Honda spokesman Chris Martin said that the automaker considers online shopping sites as advertising media. And Honda does not permit dealers to advertise prices below invoice, in part because it erodes Honda's brand equity. Dealers who do so jeopardize per-car payments from the factory under Honda's dealer marketing allowance.
But Painter said Honda is ignoring the realities of the marketplace, in which dealers compete aggressively on price.
In response to Honda's actions, TrueCar last week began warning Honda shoppers with a banner on its Web site that they might not get TrueCar's low price.
Upfront price guarantees are a key part of TrueCar's pitch to shoppers. And the prices listed for vehicles on TrueCar's Web site often are below invoice.
For example, a TrueCar search near Ann Arbor, Mich., for a 2012 Toyota Camry SE with automatic transmission and four-cylinder engine returned three guaranteed prices from local dealers, two of which were for less than the car's $22,075 invoice price. One dealer was offering the car for $21,875, another for $21,025 and a third dealer listed a car at the invoice price.
In TrueCar's terminology, the invoice is several hundred dollars above the cost of the vehicle to the dealer because the price does not include such factory payments to dealers as the holdback allowance.
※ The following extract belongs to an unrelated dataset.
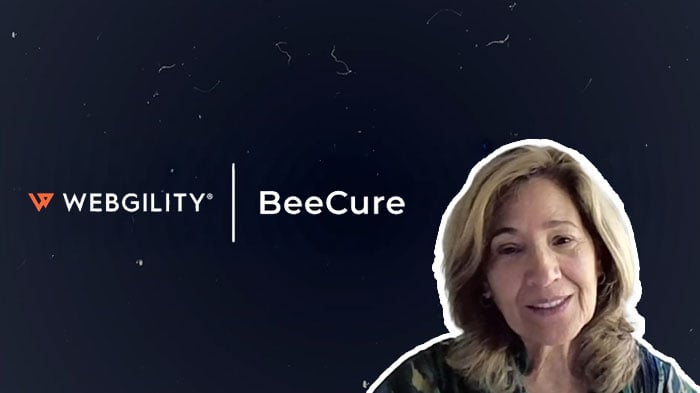 beecure-case-study-thumbnail-main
Painter said the 278 Honda dealers under contract with TrueCar sold 2,389 vehicles in November. TrueCar's Honda dealers sell an average 8.6 new Hondas per store per month, and leads from the Web site generate 12.2 percent of the total sales volume of TrueCar's Honda dealers, he said.
"They could be doing twice as many sales through our platform than they are right now," if Honda revoked this policy, Painter said.
Painter was careful to add, though, that he was not picking a fight with Honda.